▶ _Task description_:
Restate, word for word and with no pictures, the stretch of lines in the data below that begins at the line with "RGB Светодиодная лампа" and ends at the line with "Mexen Kioto ścianka", inclusive.

▶ _Data shown_:
..........
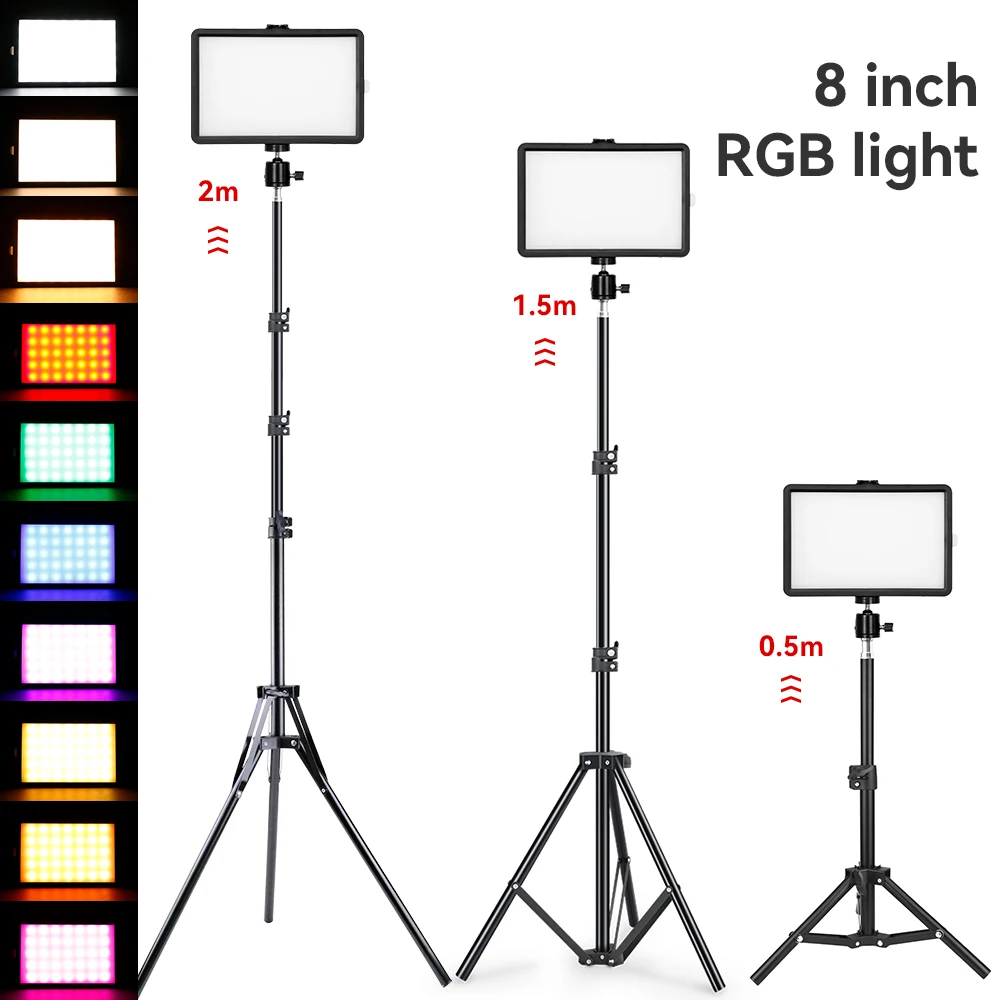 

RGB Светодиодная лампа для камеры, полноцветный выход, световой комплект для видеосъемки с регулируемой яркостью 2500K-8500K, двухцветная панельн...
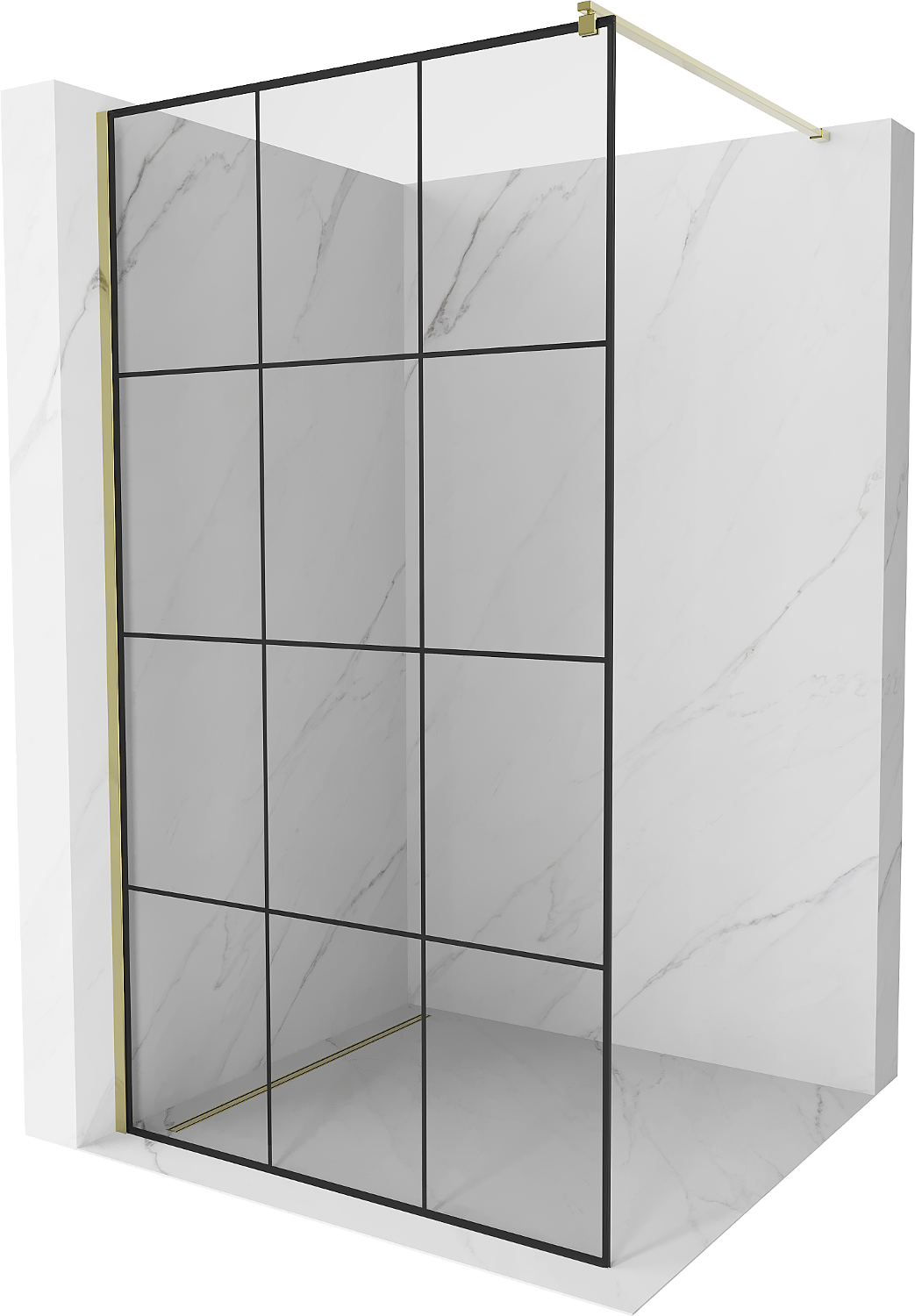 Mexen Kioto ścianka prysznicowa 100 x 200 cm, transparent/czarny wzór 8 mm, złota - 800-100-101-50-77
..........
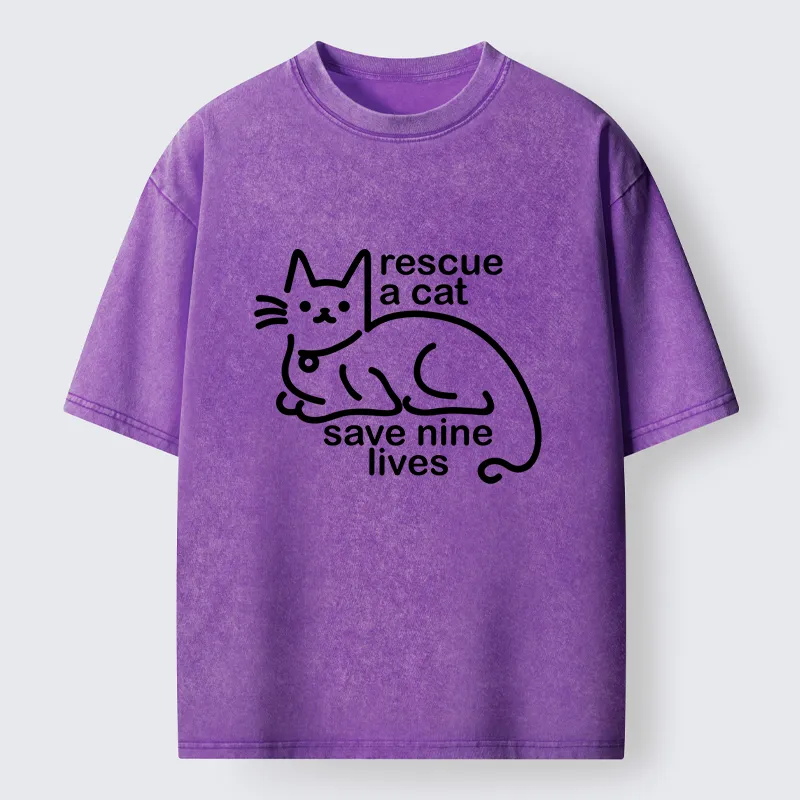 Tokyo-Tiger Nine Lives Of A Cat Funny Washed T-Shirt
..........
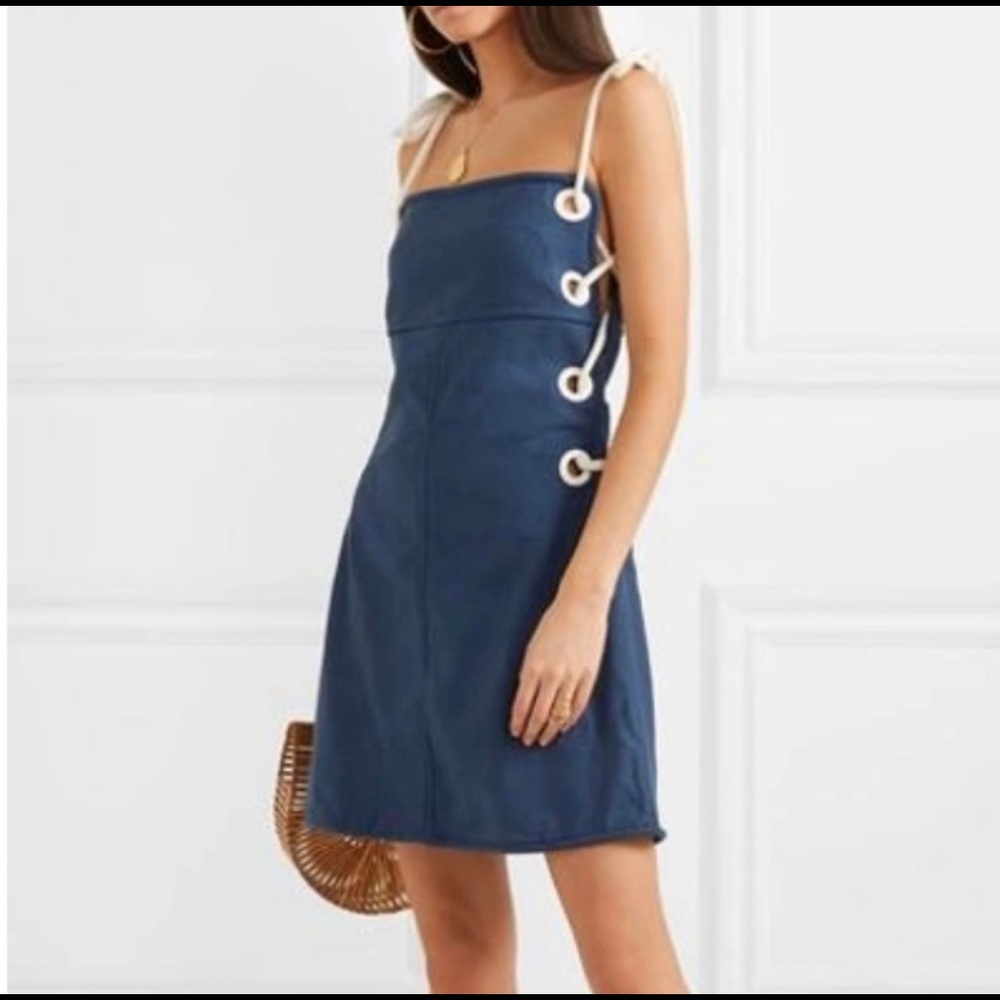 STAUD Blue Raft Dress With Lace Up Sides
..........
▶ _Answer to this task_:
RGB Светодиодная лампа для камеры, полноцветный выход, световой комплект для видеосъемки с регулируемой яркостью 2500K-8500K, двухцветная панельн...
 Mexen Kioto ścianka prysznicowa 100 x 200 cm, transparent/czarny wzór 8 mm, złota - 800-100-101-50-77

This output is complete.